INPUT DATA »
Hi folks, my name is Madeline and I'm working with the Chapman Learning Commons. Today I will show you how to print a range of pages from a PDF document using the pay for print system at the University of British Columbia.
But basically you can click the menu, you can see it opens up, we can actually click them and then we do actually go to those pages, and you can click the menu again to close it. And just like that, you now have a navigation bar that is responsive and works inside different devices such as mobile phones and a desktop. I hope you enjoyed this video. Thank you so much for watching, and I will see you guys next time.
...
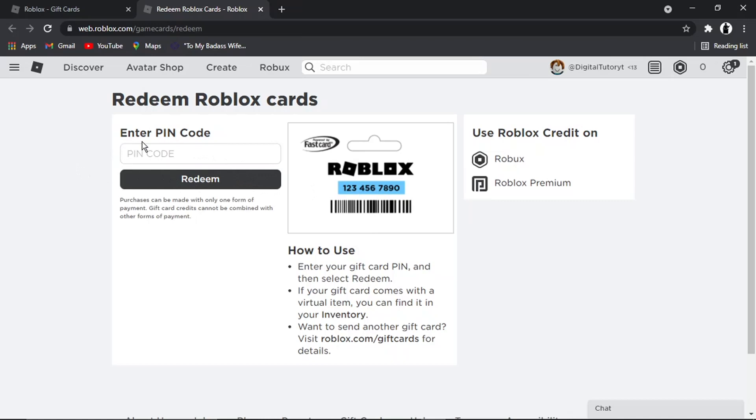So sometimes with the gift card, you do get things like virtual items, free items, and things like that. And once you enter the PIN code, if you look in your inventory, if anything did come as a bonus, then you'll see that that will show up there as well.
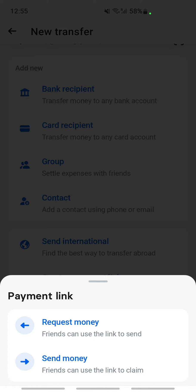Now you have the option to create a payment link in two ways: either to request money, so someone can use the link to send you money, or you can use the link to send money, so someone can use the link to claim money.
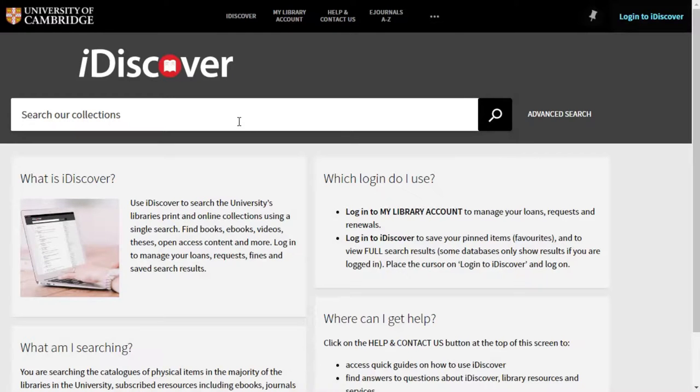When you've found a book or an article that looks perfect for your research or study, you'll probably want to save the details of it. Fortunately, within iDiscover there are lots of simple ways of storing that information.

HOW TO COMPLETE THIS TASK » What are the lines in the records above, word for word, from the one containing "So sometimes with" through the one containing "When you've found", both ends included and pictures left out?

EXERCISE SOLUTION »
So sometimes with the gift card, you do get things like virtual items, free items, and things like that. And once you enter the PIN code, if you look in your inventory, if anything did come as a bonus, then you'll see that that will show up there as well.
Now you have the option to create a payment link in two ways: either to request money, so someone can use the link to send you money, or you can use the link to send money, so someone can use the link to claim money.
When you've found a book or an article that looks perfect for your research or study, you'll probably want to save the details of it. Fortunately, within iDiscover there are lots of simple ways of storing that information.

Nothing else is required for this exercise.